[whatwg] Should events be paused on detached iframes?
Boris Zbarsky
bzbarsky at MIT.EDU
Tue Jan 17 16:24:43 PST 2012
On 1/17/12 6:31 PM, Ian Hickson wrote:
>>> It should put it up in the context of the top-level browsing context
>>> of the script that led to that point (the "first script"). This is the
>>> same as if someone in one tab calls another tab's script and that
>>> script calls alert().
>>
>> Is that last what browsers actually do? I'm pretty sure that's not what
>> Gecko does...
>
> If there's specific features in the spec that are incorrectly specified,
> I'm happy to address them. Send mail with a test case showing the problem.
Sure. Here's a testcase. You need two files. test2.html contains:
<script>function f() { alert('Called'); }</script>
test1.html contains:
<!DOCTYPE html>
<script>
var w;
function openWindow() {
w = window.open("test2.html");
}
function alertMe() {
w.f();
}
</script>
<input type="button"
value="Click me to open a new tab then switch back to this
tab and click the other button"
onclick="openWindow()">
<input type="button" value="Put up an alert"
onclick="alertMe()">
Make sure to not test with a file:// URI to avoid same-origin policy
issues.

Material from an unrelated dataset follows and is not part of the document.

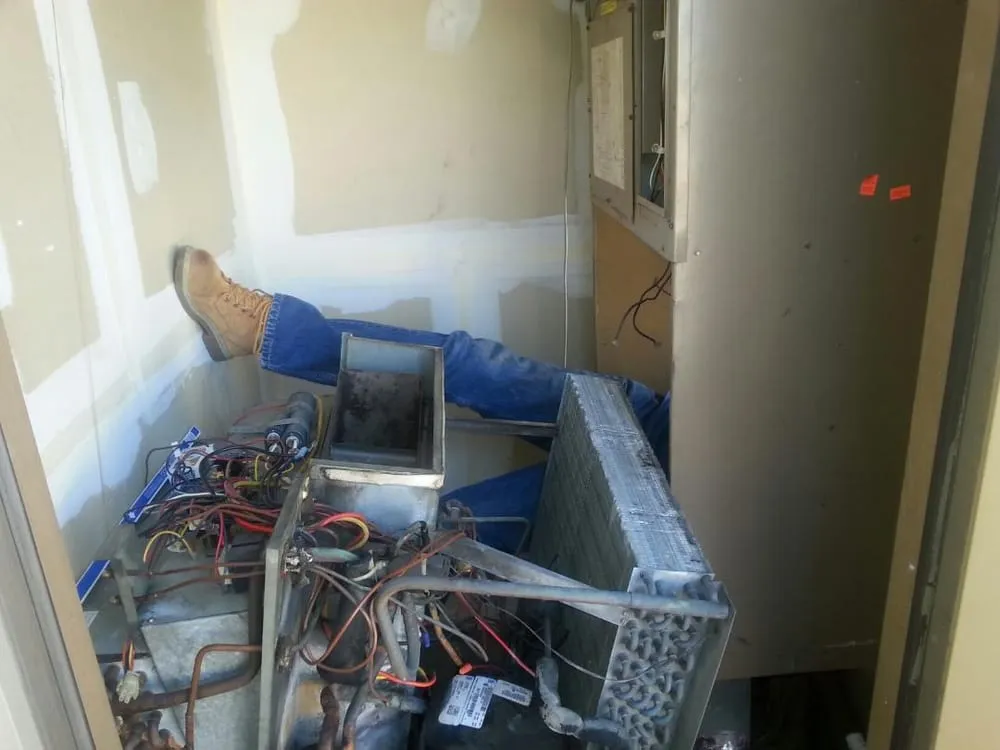 Slide of M & T Mechanical Systems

Load test1.html, and follow the directions on the first button.
Results in various browsers:
Firefox: Clicking the "Put up an alert" button switches to the tab that
test2.html is loaded in and shows the alert.

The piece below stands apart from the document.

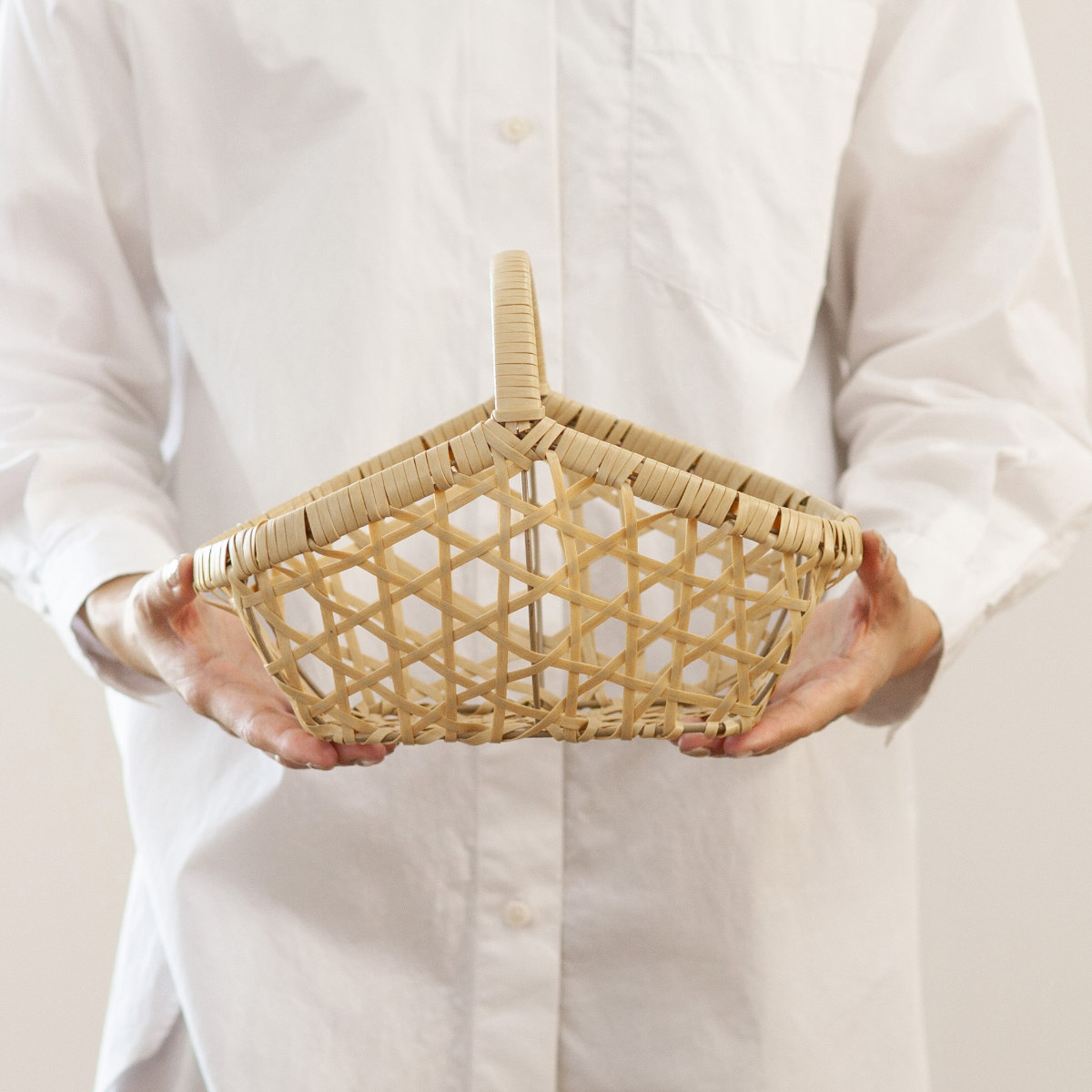 かご バンブス フェイク PE 竹 ワンハンドル バスケット 山型 洗える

Opera: Clicking the "Put up an alert" button does nothing visible. If
the user ever switches to the test2.html tab, he sees the alert.
Chrome: Same as Firefox.
Safari: Needs a preference changed to open a tab instead of a window.
After that, same as Firefox.
IE9: Same as Opera, but flashes the test2.html tab to indicate that it's
got an alert associated with it.
None of them associate the alert with test1.html.

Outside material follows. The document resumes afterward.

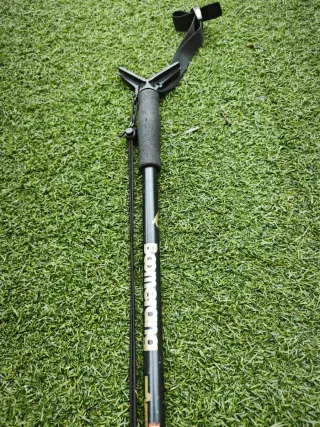 Bastón extensible Boomerang negro y dorado.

> Well, I'm not sure I'm up for sanity checking the entire spec, especially
> for edge case areas like this where interop isn't really present anyway so
> it's not clear what a "wrong" answer would be.
Yeah, I know. And neither am I.
The end result is likely to be that UAs implement whatever is simplest
in their impl. Or most secure. Or both. Or neither I guess, depending
on priorities...
> The best way forward here might be just to add tests to the test suite and
> see who complains...
That seems somewhat reasonable to me.